Figure 2: (a) Simulated HIM image of graphene (b) Electron density distribution of graphene
Assuming that a simulated HIM image is similar to electron density distribution, material structures can be analyzed using already obtained HIM images by experiments. Figure 2 is a simulated result assuming the diameter of helium ion beam as that of helium nuclei, namely the size-less point. On the other hand, the radius of currently available helium ion beam corresponds to the triple of the effective helium atomic radius, which can be included in simulated HIM images by introducing "broadening" in the electron density profile shown in Fig. 2 (b).
Figure 3 shows HIM images approximated from the electron density distribution at an edge of graphene ribbon. Gaussian-broadening (Δr) that corresponds to the half of diameter of helium ion beam was applied to the electron density distribution to approximate the HIM images. The left image was obtained by assuming an ultra-thin diameter of helium ion beam corresponding to the helium nuclei, which shows atomic resolution. The right image was approximated by assuming the diameter of currently available helium ion beam, which shows uniform electron emission at the central part of graphene ribbon while shows a flat image at the edge with gradually decreasing electron emission. Meanwhile, the central image was simulated by assuming a slightly narrower diameter of helium ion beam, which can shows a honeycomb lattice image of graphene even though it cannot reach to the atomic resolution. This result suggests that the graphene lattice would be observed with a diameter of helium ion beam smaller than that of currently available beam.

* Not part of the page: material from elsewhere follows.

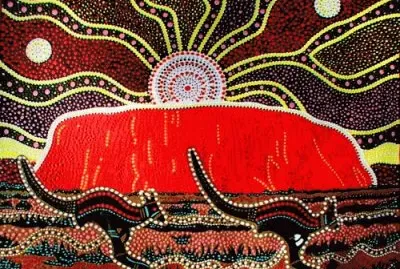 Ayers Rock aboriginal art  Australia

Figure 3: Simulated HIM images with different diameters of helium ion beam (about four times of Δr). The blue arrows indicate the contour lines of maximum electron emission.

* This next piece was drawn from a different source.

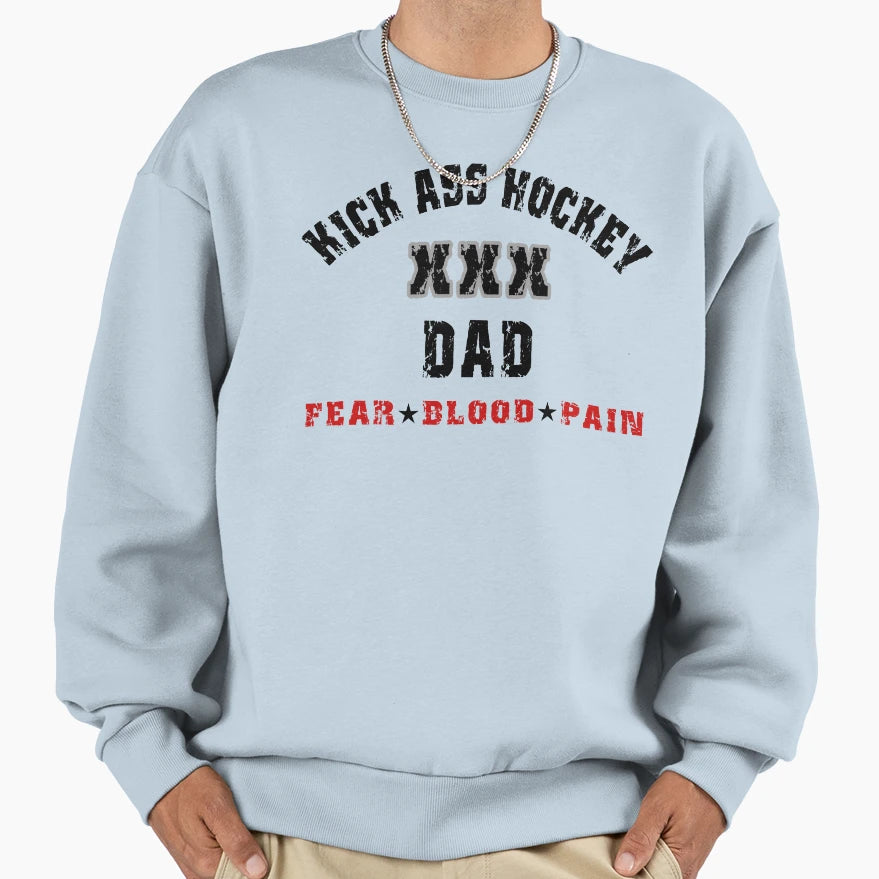 Hockey Dad Sweatshirt - Minimalist Print Men Women - T-Shirt, Sweatshirt, Hoodie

The mechanisms of electron emission upon collision of helium ion to the sample was thought as processes accompanying to the neutralization of the helium ion or processes that accompanies to core-electron excitation in carbon atoms. However, the present simulation revealed the low neutralization probability of the helium ion that go through graphene because its velocity is too fast. Experimentally measured and reported kinetic energy of the emitted electron is in the order of few eV that is too low to excite carbon atom's core electrons. Therefore, the mechanisms mentioned above are unlikely. The present computational results suggest that the impact ionization of a helium ion causes secondary electron emission.
With use of the computational method, the researcher will contribute to the development of device technology through the characterization of the quality of nano-device materials using HIM.